In practice, we choose the model which has the minimum \(C_p\) value: so we essentially penalise models of higher dimensionality (the larger \(d\) is the greater the penalty).
1.2.2 AIC
For linear models (with normal errors, as is often assumed), Mallows’ \(C_p\) is equivalent to the Akaike Information Criterion (AIC) (as the two are proportional), this being given by \[AIC = \frac{1}{n\hat{\sigma}^2}(RSS + 2 d \hat{\sigma}^2).\]
1.2.3 BIC
Another metric is the Bayesian information criterion (BIC) \[BIC = \frac{1}{n\hat{\sigma}^2}(RSS + \log(n)d \hat{\sigma}^2),\] where again the model with the minimum BIC value is selected
In comparison to \(C_p\) or AIC, where the penalty is \(2d \hat{\sigma}^2\), the BIC penalty is \(\log(n)d \hat{\sigma}^2\). This means that generally BIC has a heavier penalty (because \(\log(n)>2\) for \(n>7\)), thus BIC selects models with fewer variables than \(C_p\) or AIC.

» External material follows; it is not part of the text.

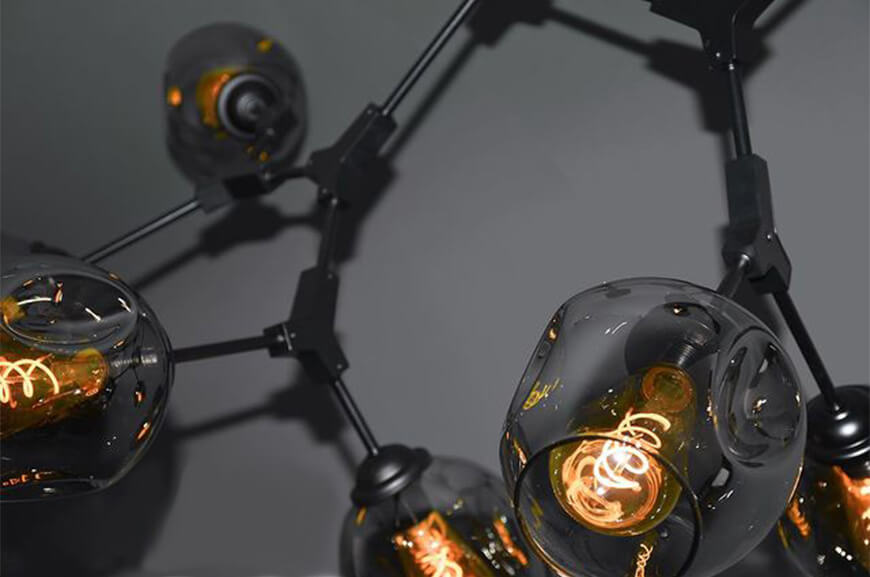 voodoohome cluster chandeliers model L106 00 - لوستر خوشه ای وودوهوم مدل L106 -  - cluster-chandeliers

In general, all three criteria are based on rigorous theoretical asymptotic (\(n\rightarrow \infty\)) justifications.
1.2.4 Adjusted R-squared value
A simple method which is not backed up by statistical theory, but that often works well in practice, is to simply adjust the \(R^2\) metric by taking into account the number of predictors.
The adjusted \(R^2\) value for a model with \(d\) variables is calculated as follows
\[
\mbox{Adjusted~} R^2 = 1 - \frac{RSS/(n-d-1)}{TSS/(n-1)}.
\]
In this case we choose the model with the maximum adjusted \(R^2\) value.
1.2.5 Example
By plotting the various model selection criteria against the number of predictors (Figure 1.4), we can see that, in our example, \(C_p\), AIC and BIC are in agreement (2 predictors). Adjusted \(R^2\) would select 3 predictors.
1.2.6 Further points
- A shortcoming of the previous approaches is that they are not applicable for models that have more variables than the size of the sample (\(d>n\)).
- Also, in the setting of penalised regression (which we will see later on in the course) deciding what \(d\) actually is becomes a bit problematic.
- CV is an effective computational tool which can be used in all settings.
For the purposes of this illustration, we add the variables by index order, so three predictors corresponds to \(x_1,x_2,x_3\) etc. How we should select \(x_1\) and \(x_2\) when we don’t know which variables are important comes later!↩︎